§ **Work request**:
Beginning with the line that mentions "JERSEY VISITANTE NORWICH CITY FC 25/26", reproduce every line through the last line of the entries, exactly, and only those.

§ **Source records**:

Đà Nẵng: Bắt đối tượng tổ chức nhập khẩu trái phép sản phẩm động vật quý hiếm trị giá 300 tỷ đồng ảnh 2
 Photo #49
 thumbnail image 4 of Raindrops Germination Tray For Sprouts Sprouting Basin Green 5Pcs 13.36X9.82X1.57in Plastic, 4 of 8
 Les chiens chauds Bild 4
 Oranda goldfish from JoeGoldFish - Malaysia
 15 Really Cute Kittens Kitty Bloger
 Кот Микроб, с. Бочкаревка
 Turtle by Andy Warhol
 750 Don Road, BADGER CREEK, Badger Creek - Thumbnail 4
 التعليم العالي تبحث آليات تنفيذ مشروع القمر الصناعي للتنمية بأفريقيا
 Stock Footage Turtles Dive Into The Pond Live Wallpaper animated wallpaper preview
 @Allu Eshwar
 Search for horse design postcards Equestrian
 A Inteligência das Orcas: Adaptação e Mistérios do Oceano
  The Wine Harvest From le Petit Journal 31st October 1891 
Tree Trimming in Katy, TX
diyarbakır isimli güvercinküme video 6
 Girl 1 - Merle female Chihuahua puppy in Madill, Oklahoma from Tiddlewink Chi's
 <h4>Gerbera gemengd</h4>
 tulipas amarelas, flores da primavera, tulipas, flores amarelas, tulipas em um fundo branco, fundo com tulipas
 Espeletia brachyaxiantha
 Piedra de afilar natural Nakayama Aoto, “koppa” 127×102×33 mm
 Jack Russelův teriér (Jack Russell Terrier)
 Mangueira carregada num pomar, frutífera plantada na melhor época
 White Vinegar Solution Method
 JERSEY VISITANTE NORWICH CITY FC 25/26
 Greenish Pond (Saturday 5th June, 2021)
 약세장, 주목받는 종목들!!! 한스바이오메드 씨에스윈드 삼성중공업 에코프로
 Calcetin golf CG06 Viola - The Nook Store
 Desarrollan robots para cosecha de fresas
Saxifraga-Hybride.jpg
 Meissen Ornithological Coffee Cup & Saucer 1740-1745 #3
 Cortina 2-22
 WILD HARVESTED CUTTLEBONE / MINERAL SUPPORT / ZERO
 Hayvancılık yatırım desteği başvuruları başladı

§ **Answer box**:
 JERSEY VISITANTE NORWICH CITY FC 25/26
 Greenish Pond (Saturday 5th June, 2021)
 약세장, 주목받는 종목들!!! 한스바이오메드 씨에스윈드 삼성중공업 에코프로
 Calcetin golf CG06 Viola - The Nook Store
 Desarrollan robots para cosecha de fresas
Saxifraga-Hybride.jpg
 Meissen Ornithological Coffee Cup & Saucer 1740-1745 #3
 Cortina 2-22
 WILD HARVESTED CUTTLEBONE / MINERAL SUPPORT / ZERO
 Hayvancılık yatırım desteği başvuruları başladı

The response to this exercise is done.